Having watched the Liberal government avert a leadership crisis that would have plunged B.C. into chaos, New Democratic Party Leader Adrian Dix knows the spotlight will now once again be trained on him.
With the budget now passed and the start of an election just six weeks away, Mr. Dix will be hounded for details of the party's election platform. It will no longer be good enough for the Opposition Leader to criticize the government for its policies; he'll have to say, finally, what the NDP would do differently if it ascends to power.
Mr. Dix faces some miserable decisions.
He is well aware that the Liberals are trying to make this election about jobs, the economy and who's best able to manage the treasury. That is why they were so desperate to present a balance budget, even though it was mostly done on the back of Crown assets that they intend to sell. Factoring in revenue from prospective sales is not a kosher accounting practice in many jurisdictions. The $800-million the government says it will get from these properties is a best guess.

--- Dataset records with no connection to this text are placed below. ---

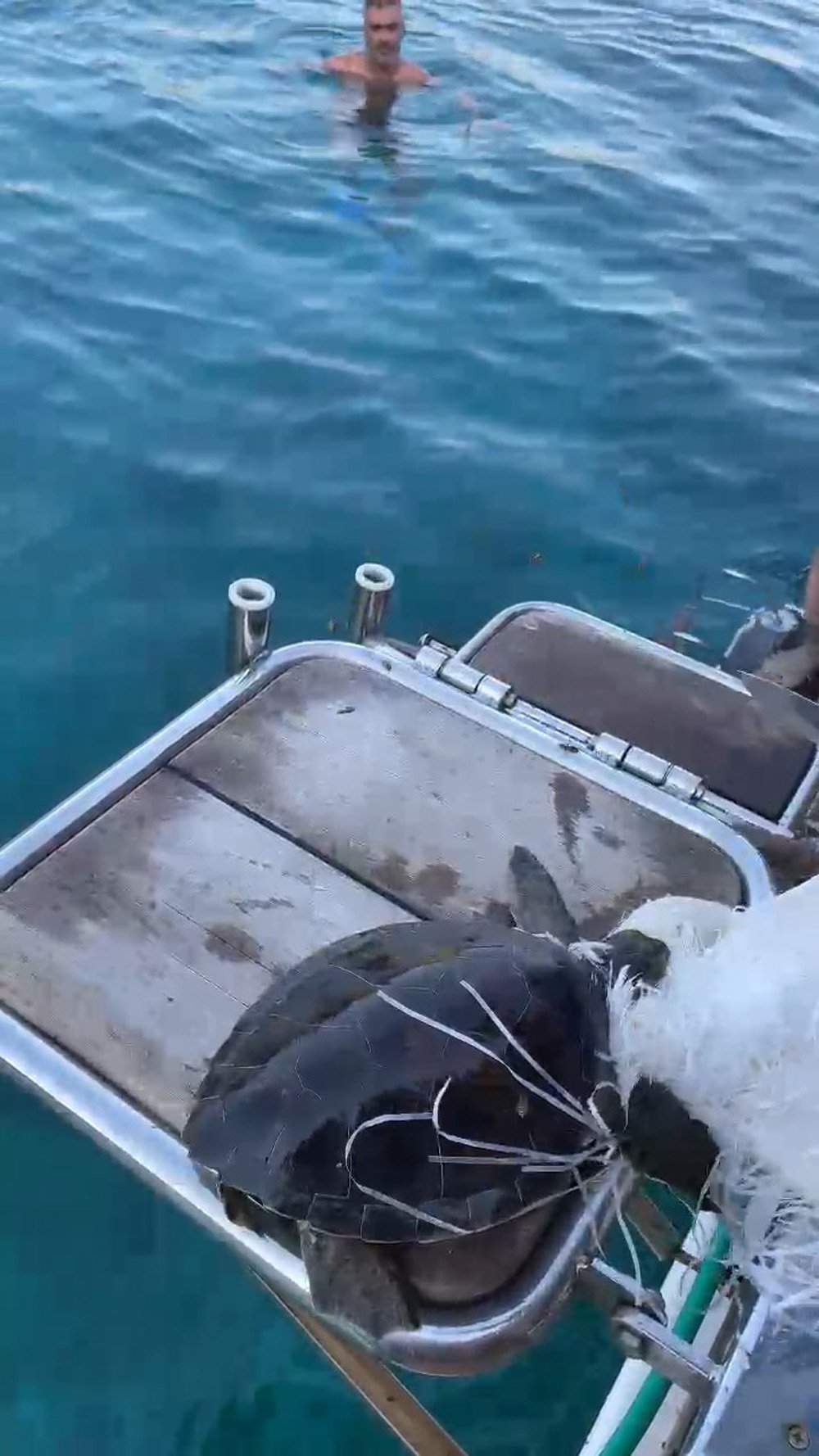 cuvala-dolanan-caretta-carettayi-kurtard-834553-247324.jpg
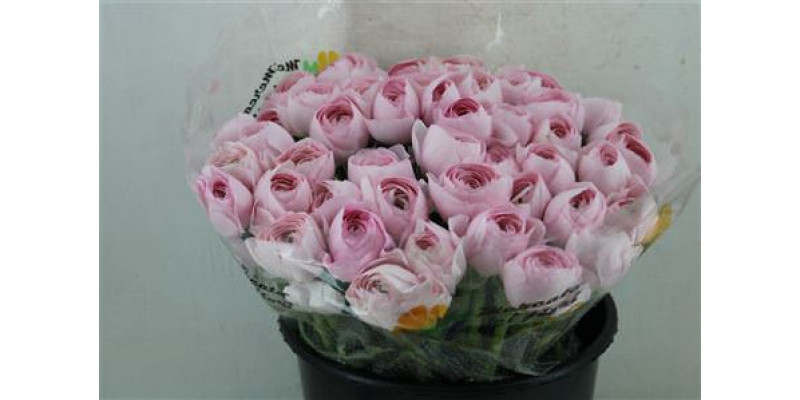 Ranunculus Cloni Sup Hanoi Pink 40cm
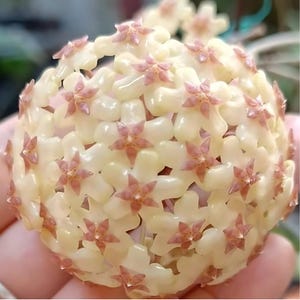 0723＊ホヤ ＊ Hoya ＊ cv.Joy ＊ 花座付き 0723＊ホヤ ＊ Hoya ＊ cv.Joy ＊ 花座付き 0723＊ホヤ ＊ Hoya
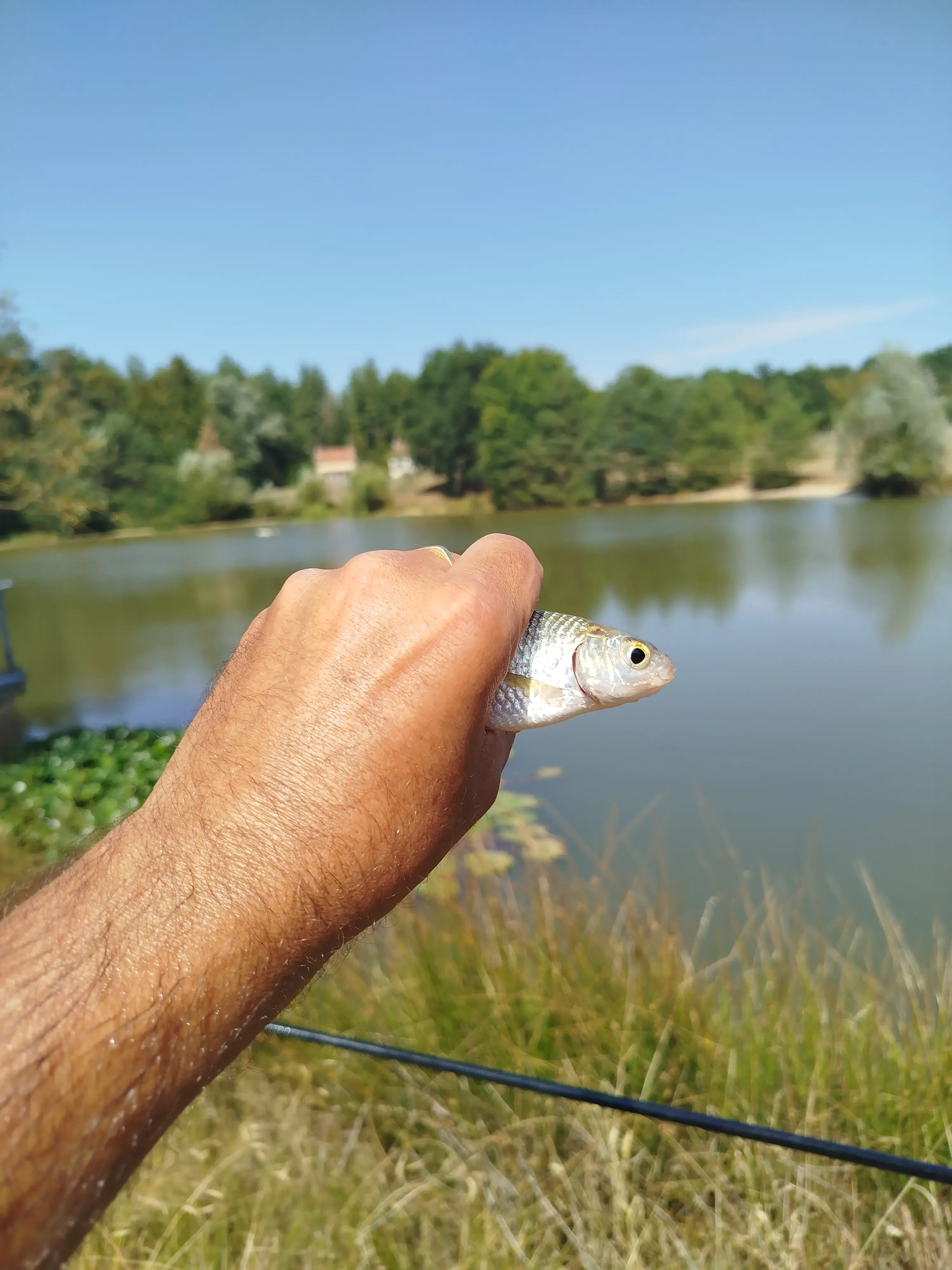 Gîte de pêche sur étang de 1,5 hectares entièrement privatisé en Bourgogne-Franche-Comté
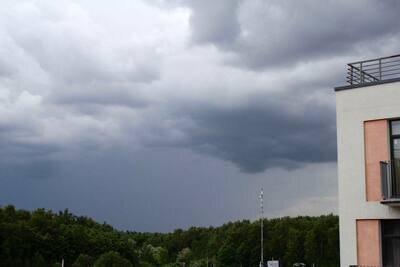    Погода летом в Московском регионе ©Арина Никитина РИАМО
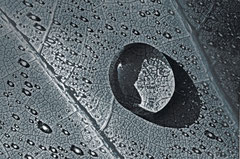 Tropfenmagnet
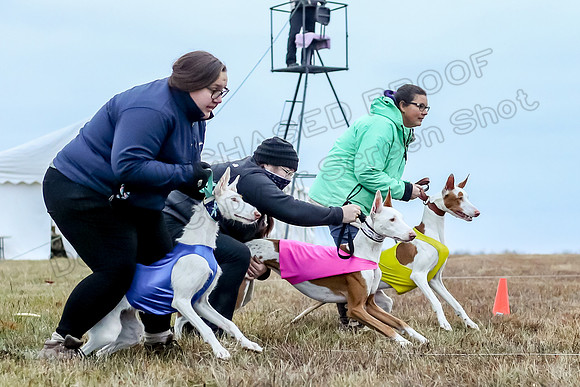 Prelim Open 1, Havok Zeppelin Alba-3027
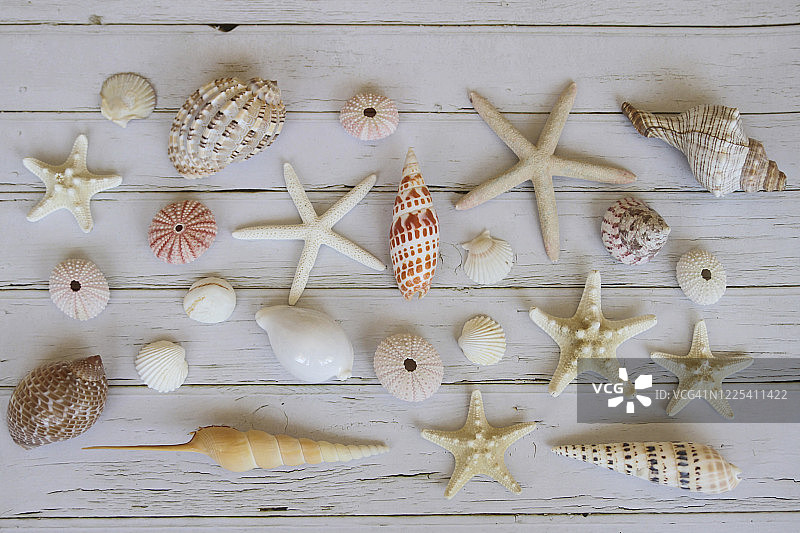 贝壳与海星背景，留白区域图片素材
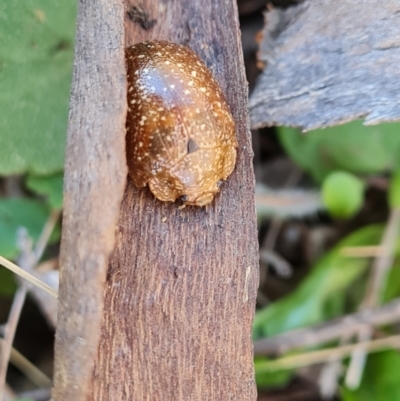 Paropsis variolosa (Variolosa leaf beetle) at Isaacs Ridge - 17 Sep 2023 by Mike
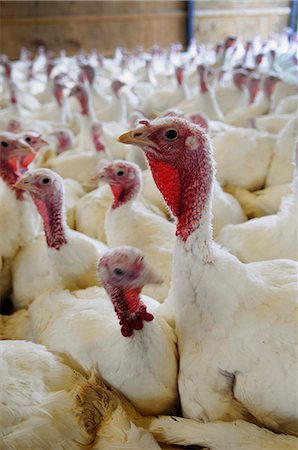 Turkeys on a farm Foto de stock - Sin royalties Premium, Código: 659-06902127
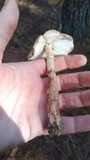 Amanita amerifulva image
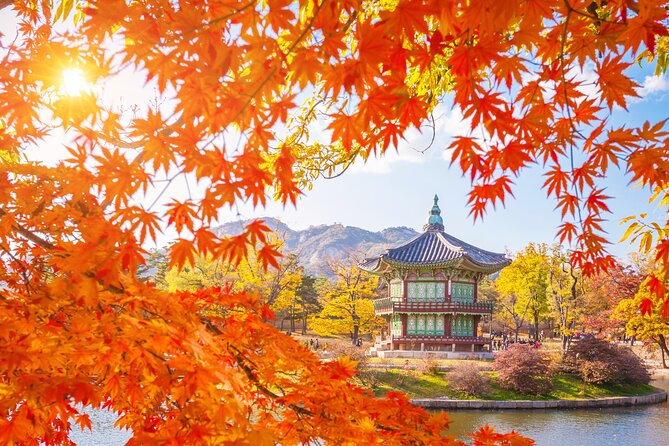 Small Group (7pax) Seoul Tour with Pickup/Dropoff (No Shopping) - A compact way to meet Seoul
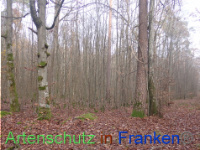 Bild zum Eintrag (1038282-177)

All told, the NDP figures there is about $1.2-billion of revenue in the budget that shouldn't be there. In other words, there is $1.2-billion, or thereabouts, that the NDP will not be able to use in the budget it imagines for the current fiscal year. That's the hole from which the party begins. There are other potential revenue challenges on the horizon – like a cut in federal health transfer payments – that make the downstream picture even bleaker.
It's almost a certainty that when the NDP does unveil its election manifesto, it will include a budget picture for at least two years out, possibly three. And it's just as certain that the first two budgets will include mid-to-small-sized deficits. I believe the hope is that the province's resource-revenue picture would have improved enough by Year 3 that the budget would return to surplus.
As difficult as the fiscal state the New Democrats would be inheriting is, it's not nearly as grim as the one bequeathed to the party in 1991 by the outgoing Social Credit government. Back then, the New Democrats discovered that it had been left with a deficit that was $2-billion greater than what the Socreds had let on – on an overall budget of $16-billion.
This time, the deficit (or the one the NDP believes it will be taking on) as a percentage of the overall budget for the current fiscal year is much less: that is, $1.2-billion on an overall budget of $44-billion. What this means is that an NDP government wouldn't be fiscally crippled for the first few years in the same way Mike Harcourt's government was back in the early 1990s.
That doesn't mean Mr. Dix isn't conjuring the difficult conversations he is going to have to have.
He is regularly visited in his legislative office by groups wanting to make their pitch to the man widely expected to be the province's next premier. And many are the kind of organizations that believe an NDP government will sympathize with their demands more than the centre-right Liberals. So they would be associations looking for a Quebec-style daycare program, for instance, and left-wing public policy outfits that want to see MSP premiums abolished. One group wants him to raise income assistance rates, and another wants him to build 10,000 new social-housing units a year for the next six years.
After one particular week of these types of meetings, Mr. Dix tallied up what it would cost the treasury if he acted on all of the requests. The number was between $6-billion and $7-billion. As I say, he has some difficult conversations ahead of him should his party win the May 14 vote.
But there are some pledges Mr. Dix has made that he can't get out of, such as one around child poverty. The New Democrats have feasted on this issue for years. It would be unconscionable for them not to act on it in some meaningful way if they gain power, most likely by raising income assistance rates. Attacking poverty is not cheap. The NDP also estimates there are five times as many 19-year-olds entering the Community Living B.C. system as there are leaving it. The costs associated with that demographic statistic are also significant, but the NDP is committed to properly funding the program.
It goes on.
Mr. Dix seems well aware, however, that if the NDP is going to design budgets for the next two years with what is deemed to be reasonable deficits, he is going to have to say no a lot. And to traditional allies that will be looking for a bone or two after years of getting nothing from the Liberals.
Expect to see an NDP platform in early April. It will reveal just how well Mr. Dix has done with some of those miserable choices.